What are effective ways to raise really low self-esteem/self-image?

For me I have four things consistently helpful. First, exercise. Moving around a bunch makes me feel better, especially if there's a feeling of accomplishment attached. For example, I've felt really down a couple times this semester and going to a martial arts club practice has consistently lifted me out of it. I went from "I don't belong here; I'm a terrible student" to "I did well that practice!" There is a trap here if you go in with too high expectations, though.

Second, actually accomplish something, preferably something that has a tangible benefit. If you can physically build something, that would be the best. But even silly things can work. I've felt out of place at law school, but I use my LSAT score to remind myself that I'm skilled enough to be here. By "actually accomplish" I'm trying to get at something you can't tear down with low self-esteem. No matter how bad I feel about myself, I can't reasonably deny that my LSAT score is good. I think physical creations are even better because it is a physical not just mental reminder that you did something good.

Third, find interruptions for those trains of thought. For me, I find that being in the presence of friends makes it hard for me to dwell on my negative self-image.

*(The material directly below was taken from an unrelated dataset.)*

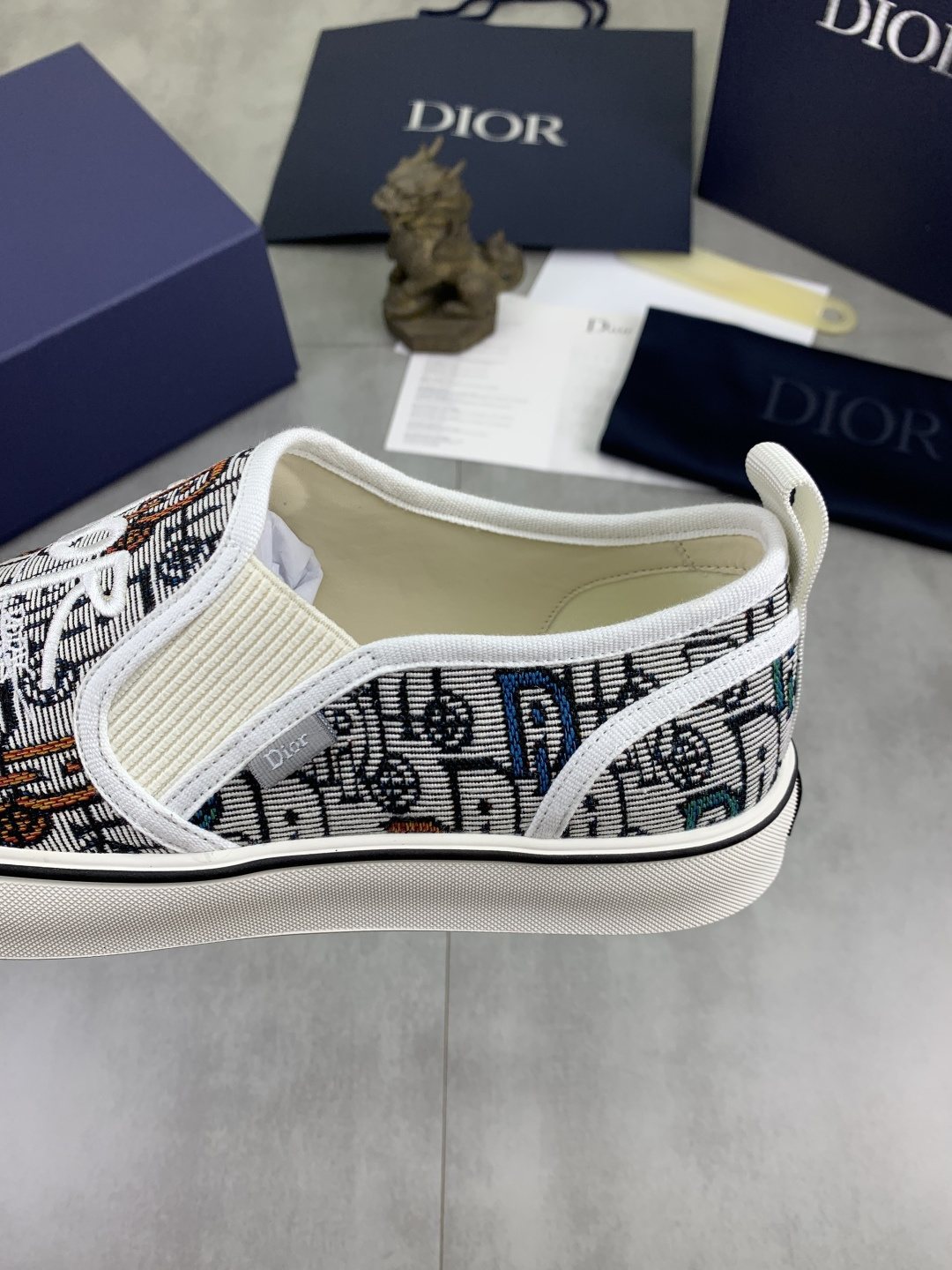 Dior Navy Patterned Slip-On Canvas Shoes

Finally, create positive comment trades with friends and family, if possible. I know a lot of guys do the insult to become friends thing. Personally, it's never worked for me. When I do tease people, it's always within a context where I'm already saying positive things about them. For the most part, my close friends do the same. I think the comments people make about us mean more to us than we think. Why have friends reiterate the painful internal monologue we already have? Instead, specific and true positive comments can disrupt that narrative.

For example, one of my closest friends is a talented leader. She is great at organizing and bringing people together. Thanks to bad experiences, she has a negative internal narrative where she isn't good at it. A leadership opportunity came up and she planned on passing on it because of her belief. Instead, I and another of our friends were able to point out specific instances in which she did well and drew parallels between the things she had done well and the new opportunity. By interrupting and contradicting those negative internal messages, she first became more open to considering the position, then actually went for it.

It's great you are working to make your life better! Low self-esteem/self-image hurts, but you can make it better. One last thing, don't make feeling better contingent on future action, even the things I listed. "I'll feel good about myself if I exercise today" is dangerous because if something happens and you don't do it, you'll reinforce the negative narrative. Turn the past into precedent and a motivation for today. "I exercised yesterday and felt great; I want to do that again today." When possible, frame your actions positively. A positive internal monologue motivates action more than a negative one.